### Your task
In the data below, find the line that contains "A Horse Oil" and the line that contains "Villa Milagro - 3". Copy both, plus every line between them, exactly.

### Information provided
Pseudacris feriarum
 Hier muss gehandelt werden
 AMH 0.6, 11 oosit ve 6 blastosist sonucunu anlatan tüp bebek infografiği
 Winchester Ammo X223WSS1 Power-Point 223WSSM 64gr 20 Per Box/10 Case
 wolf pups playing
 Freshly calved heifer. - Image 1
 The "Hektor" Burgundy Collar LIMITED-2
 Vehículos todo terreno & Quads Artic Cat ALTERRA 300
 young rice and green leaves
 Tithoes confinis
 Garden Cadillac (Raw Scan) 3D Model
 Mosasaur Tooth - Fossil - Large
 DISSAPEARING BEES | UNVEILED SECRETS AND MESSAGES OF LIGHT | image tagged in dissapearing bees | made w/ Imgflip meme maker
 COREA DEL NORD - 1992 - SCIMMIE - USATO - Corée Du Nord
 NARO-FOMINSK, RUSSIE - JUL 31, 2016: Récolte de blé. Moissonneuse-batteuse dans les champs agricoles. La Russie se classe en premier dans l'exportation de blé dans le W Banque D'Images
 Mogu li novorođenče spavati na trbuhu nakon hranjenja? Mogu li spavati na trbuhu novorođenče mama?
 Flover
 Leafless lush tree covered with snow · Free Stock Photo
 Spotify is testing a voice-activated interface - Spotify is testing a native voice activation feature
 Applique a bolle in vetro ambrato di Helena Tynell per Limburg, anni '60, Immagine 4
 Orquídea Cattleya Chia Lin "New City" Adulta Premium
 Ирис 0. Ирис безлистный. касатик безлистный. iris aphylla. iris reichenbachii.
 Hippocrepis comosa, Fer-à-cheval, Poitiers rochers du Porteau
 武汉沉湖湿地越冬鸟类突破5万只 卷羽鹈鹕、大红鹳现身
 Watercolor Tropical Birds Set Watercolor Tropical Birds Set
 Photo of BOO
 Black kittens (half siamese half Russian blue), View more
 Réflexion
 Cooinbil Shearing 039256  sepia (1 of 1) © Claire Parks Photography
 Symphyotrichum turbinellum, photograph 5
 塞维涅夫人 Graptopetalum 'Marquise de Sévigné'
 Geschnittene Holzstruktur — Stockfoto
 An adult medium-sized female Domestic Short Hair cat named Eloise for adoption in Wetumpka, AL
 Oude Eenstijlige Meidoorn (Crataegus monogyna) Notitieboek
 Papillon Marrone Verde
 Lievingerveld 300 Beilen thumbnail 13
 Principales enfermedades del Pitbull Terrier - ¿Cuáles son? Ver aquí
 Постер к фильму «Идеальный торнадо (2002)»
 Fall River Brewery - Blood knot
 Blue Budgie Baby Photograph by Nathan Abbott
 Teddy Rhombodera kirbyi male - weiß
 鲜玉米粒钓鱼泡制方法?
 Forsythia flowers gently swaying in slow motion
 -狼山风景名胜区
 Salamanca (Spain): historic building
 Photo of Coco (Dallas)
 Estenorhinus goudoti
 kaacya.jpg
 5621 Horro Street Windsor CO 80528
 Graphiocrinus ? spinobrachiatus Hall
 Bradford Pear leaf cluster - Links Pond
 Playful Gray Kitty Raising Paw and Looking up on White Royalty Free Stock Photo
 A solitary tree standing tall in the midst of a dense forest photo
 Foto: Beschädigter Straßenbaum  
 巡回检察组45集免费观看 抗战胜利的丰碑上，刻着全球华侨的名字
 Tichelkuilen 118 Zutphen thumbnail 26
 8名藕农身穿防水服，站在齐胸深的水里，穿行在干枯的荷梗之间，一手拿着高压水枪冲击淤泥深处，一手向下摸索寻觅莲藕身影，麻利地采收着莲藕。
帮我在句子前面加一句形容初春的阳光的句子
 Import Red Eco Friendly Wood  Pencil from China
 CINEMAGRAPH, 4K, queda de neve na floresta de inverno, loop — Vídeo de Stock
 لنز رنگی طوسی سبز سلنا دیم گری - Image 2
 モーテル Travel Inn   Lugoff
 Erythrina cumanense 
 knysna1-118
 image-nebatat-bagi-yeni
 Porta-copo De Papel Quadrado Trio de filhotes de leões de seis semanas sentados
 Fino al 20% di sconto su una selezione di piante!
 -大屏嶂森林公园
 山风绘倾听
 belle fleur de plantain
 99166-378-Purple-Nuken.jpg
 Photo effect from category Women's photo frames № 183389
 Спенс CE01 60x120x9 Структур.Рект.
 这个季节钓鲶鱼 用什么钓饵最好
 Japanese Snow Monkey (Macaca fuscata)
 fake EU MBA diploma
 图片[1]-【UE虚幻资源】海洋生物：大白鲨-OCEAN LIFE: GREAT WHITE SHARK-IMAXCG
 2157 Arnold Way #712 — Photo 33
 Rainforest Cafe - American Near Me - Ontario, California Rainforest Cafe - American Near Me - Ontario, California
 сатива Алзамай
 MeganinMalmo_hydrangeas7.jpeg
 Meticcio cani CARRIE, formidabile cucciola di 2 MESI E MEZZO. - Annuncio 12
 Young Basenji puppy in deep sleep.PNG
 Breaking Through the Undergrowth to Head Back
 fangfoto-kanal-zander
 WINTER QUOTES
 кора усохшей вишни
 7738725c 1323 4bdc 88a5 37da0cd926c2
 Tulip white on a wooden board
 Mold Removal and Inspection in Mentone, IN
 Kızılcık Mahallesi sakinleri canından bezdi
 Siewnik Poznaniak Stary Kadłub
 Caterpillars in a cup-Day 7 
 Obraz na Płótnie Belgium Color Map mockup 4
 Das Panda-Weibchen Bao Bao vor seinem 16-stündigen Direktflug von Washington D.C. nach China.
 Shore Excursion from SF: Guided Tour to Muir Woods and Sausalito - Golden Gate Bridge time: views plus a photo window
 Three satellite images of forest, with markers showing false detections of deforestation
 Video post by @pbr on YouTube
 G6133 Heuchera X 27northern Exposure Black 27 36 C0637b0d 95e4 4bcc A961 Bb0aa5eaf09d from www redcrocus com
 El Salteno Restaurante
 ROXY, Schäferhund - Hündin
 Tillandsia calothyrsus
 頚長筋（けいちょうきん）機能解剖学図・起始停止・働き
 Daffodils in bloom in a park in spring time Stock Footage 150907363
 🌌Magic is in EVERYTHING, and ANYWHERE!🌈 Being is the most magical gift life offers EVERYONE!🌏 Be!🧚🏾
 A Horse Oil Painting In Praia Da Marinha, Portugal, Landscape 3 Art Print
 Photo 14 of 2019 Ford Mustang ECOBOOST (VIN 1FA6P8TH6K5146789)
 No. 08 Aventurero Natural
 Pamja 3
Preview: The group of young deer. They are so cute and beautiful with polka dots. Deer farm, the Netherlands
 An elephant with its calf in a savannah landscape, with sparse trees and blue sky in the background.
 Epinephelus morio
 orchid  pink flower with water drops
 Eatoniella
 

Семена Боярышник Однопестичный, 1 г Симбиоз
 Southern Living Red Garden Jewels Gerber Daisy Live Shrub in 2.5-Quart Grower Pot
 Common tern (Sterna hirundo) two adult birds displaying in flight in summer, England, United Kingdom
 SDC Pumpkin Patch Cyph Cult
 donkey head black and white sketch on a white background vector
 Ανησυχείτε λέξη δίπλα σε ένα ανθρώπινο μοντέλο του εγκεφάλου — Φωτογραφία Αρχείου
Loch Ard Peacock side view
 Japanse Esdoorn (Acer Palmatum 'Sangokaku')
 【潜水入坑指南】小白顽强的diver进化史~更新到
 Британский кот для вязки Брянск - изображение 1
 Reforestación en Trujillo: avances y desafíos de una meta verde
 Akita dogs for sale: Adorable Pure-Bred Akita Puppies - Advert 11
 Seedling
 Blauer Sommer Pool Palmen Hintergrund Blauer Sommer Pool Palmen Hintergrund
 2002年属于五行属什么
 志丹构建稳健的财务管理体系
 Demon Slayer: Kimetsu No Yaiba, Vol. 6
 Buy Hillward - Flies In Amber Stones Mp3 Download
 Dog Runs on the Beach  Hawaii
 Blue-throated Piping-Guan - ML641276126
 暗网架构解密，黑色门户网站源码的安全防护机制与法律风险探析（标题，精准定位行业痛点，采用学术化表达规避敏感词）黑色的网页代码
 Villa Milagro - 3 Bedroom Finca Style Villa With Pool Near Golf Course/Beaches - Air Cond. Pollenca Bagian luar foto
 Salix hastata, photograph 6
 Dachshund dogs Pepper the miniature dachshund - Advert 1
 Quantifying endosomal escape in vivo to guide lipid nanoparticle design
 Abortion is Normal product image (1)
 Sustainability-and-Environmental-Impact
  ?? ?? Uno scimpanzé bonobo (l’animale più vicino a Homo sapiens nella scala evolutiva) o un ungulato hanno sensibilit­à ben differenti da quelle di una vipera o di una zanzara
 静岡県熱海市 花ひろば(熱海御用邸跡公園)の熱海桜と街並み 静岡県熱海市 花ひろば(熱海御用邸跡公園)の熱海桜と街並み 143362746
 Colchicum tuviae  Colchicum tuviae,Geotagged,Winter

### Expected output
 A Horse Oil Painting In Praia Da Marinha, Portugal, Landscape 3 Art Print
 Photo 14 of 2019 Ford Mustang ECOBOOST (VIN 1FA6P8TH6K5146789)
 No. 08 Aventurero Natural
 Pamja 3
Preview: The group of young deer. They are so cute and beautiful with polka dots. Deer farm, the Netherlands
 An elephant with its calf in a savannah landscape, with sparse trees and blue sky in the background.
 Epinephelus morio
 orchid  pink flower with water drops
 Eatoniella
 

Семена Боярышник Однопестичный, 1 г Симбиоз
 Southern Living Red Garden Jewels Gerber Daisy Live Shrub in 2.5-Quart Grower Pot
 Common tern (Sterna hirundo) two adult birds displaying in flight in summer, England, United Kingdom
 SDC Pumpkin Patch Cyph Cult
 donkey head black and white sketch on a white background vector
 Ανησυχείτε λέξη δίπλα σε ένα ανθρώπινο μοντέλο του εγκεφάλου — Φωτογραφία Αρχείου
Loch Ard Peacock side view
 Japanse Esdoorn (Acer Palmatum 'Sangokaku')
 【潜水入坑指南】小白顽强的diver进化史~更新到
 Британский кот для вязки Брянск - изображение 1
 Reforestación en Trujillo: avances y desafíos de una meta verde
 Akita dogs for sale: Adorable Pure-Bred Akita Puppies - Advert 11
 Seedling
 Blauer Sommer Pool Palmen Hintergrund Blauer Sommer Pool Palmen Hintergrund
 2002年属于五行属什么
 志丹构建稳健的财务管理体系
 Demon Slayer: Kimetsu No Yaiba, Vol. 6
 Buy Hillward - Flies In Amber Stones Mp3 Download
 Dog Runs on the Beach  Hawaii
 Blue-throated Piping-Guan - ML641276126
 暗网架构解密，黑色门户网站源码的安全防护机制与法律风险探析（标题，精准定位行业痛点，采用学术化表达规避敏感词）黑色的网页代码
 Villa Milagro - 3 Bedroom Finca Style Villa With Pool Near Golf Course/Beaches - Air Cond. Pollenca Bagian luar foto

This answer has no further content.